— Exercise goal —
Using the listing below, copy exactly each line from the one that has "Ashwood Elegant Ladies" through the one that has "Thumbnail 3 in"; omit the pictures.

— Task inputs —
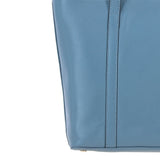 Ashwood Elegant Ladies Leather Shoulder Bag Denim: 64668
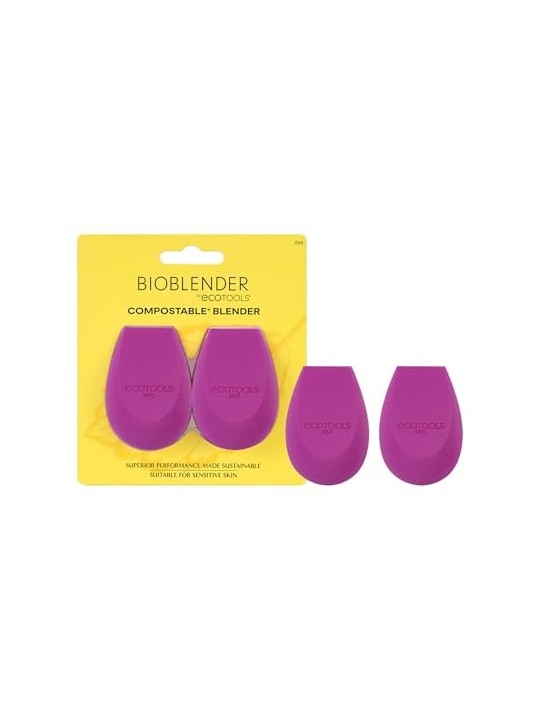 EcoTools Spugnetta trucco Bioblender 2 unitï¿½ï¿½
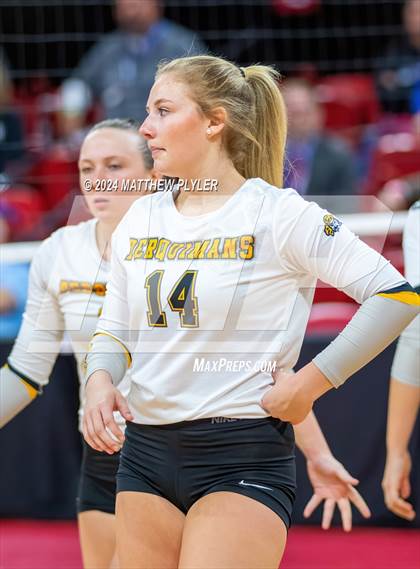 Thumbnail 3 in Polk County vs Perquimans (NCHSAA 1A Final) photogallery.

--

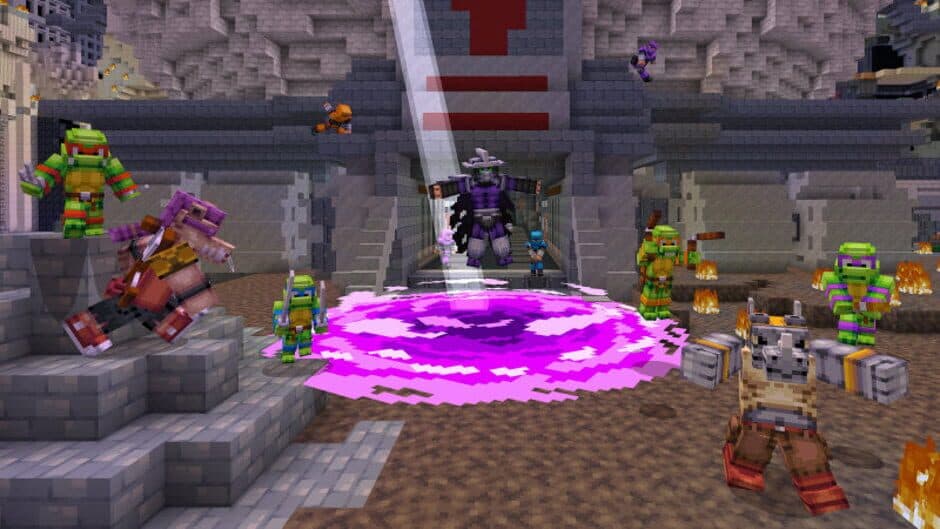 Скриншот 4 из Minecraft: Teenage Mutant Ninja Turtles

— Your solution —
 Ashwood Elegant Ladies Leather Shoulder Bag Denim: 64668
 EcoTools Spugnetta trucco Bioblender 2 unitï¿½ï¿½
 Thumbnail 3 in Polk County vs Perquimans (NCHSAA 1A Final) photogallery.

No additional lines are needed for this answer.